RECORDED DATA:
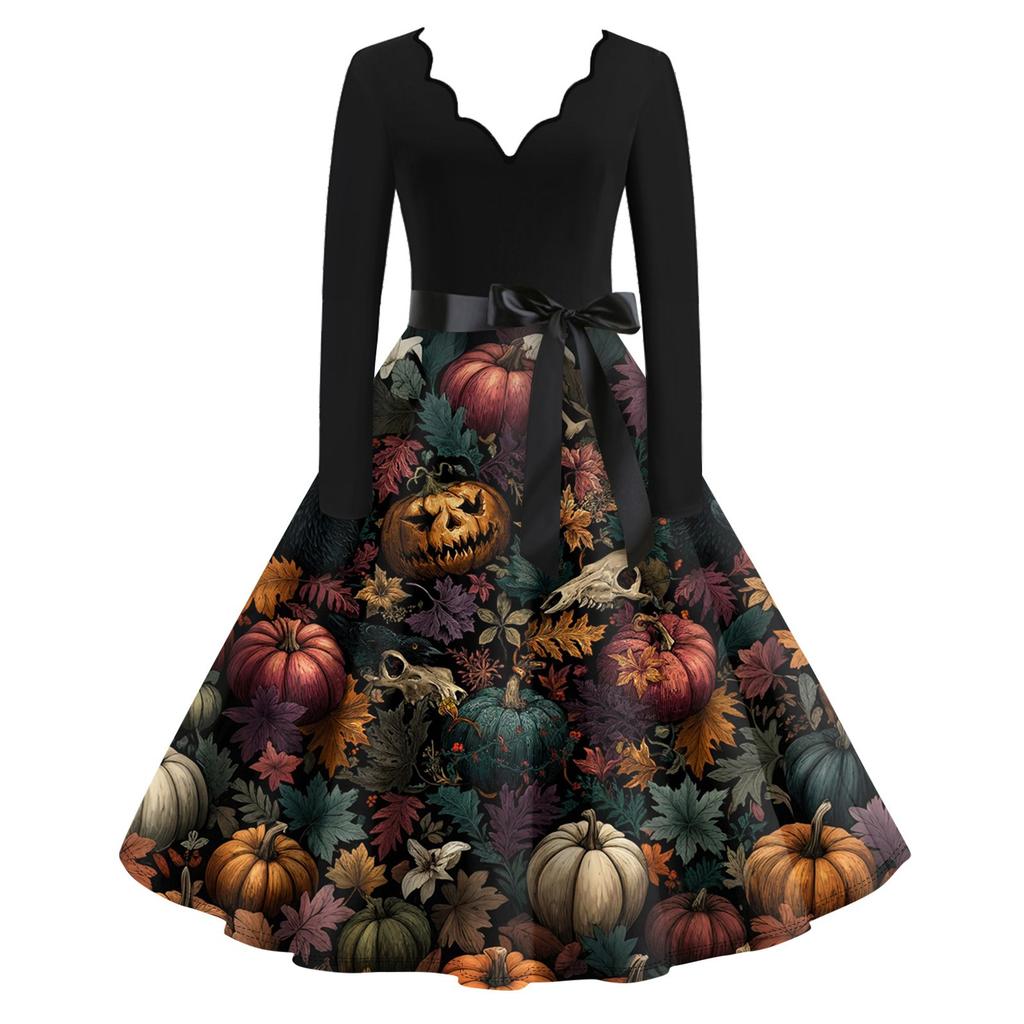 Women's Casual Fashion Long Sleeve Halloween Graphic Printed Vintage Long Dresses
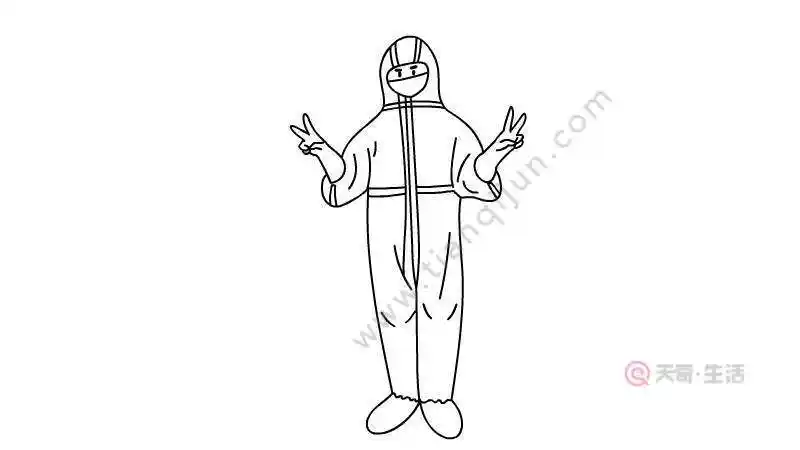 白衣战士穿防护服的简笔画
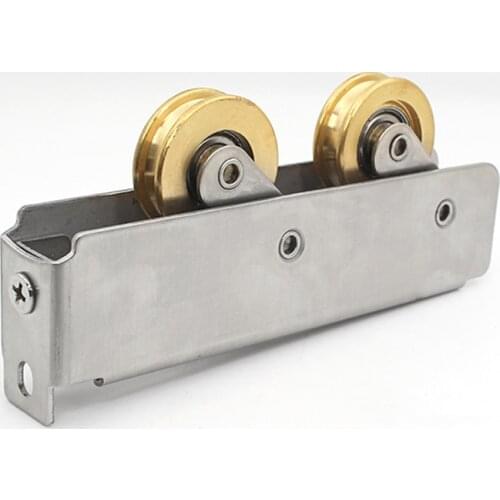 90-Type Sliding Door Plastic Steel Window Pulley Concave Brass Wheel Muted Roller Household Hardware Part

WHAT YOU HAVE TO DO: Without reproducing any picture, repeat exactly the lines from the one containing "白衣战士穿防护服的简笔画" through the last line of the material above, both ends included.

RESULT OF THIS EXERCISE:
 白衣战士穿防护服的简笔画
 90-Type Sliding Door Plastic Steel Window Pulley Concave Brass Wheel Muted Roller Household Hardware Part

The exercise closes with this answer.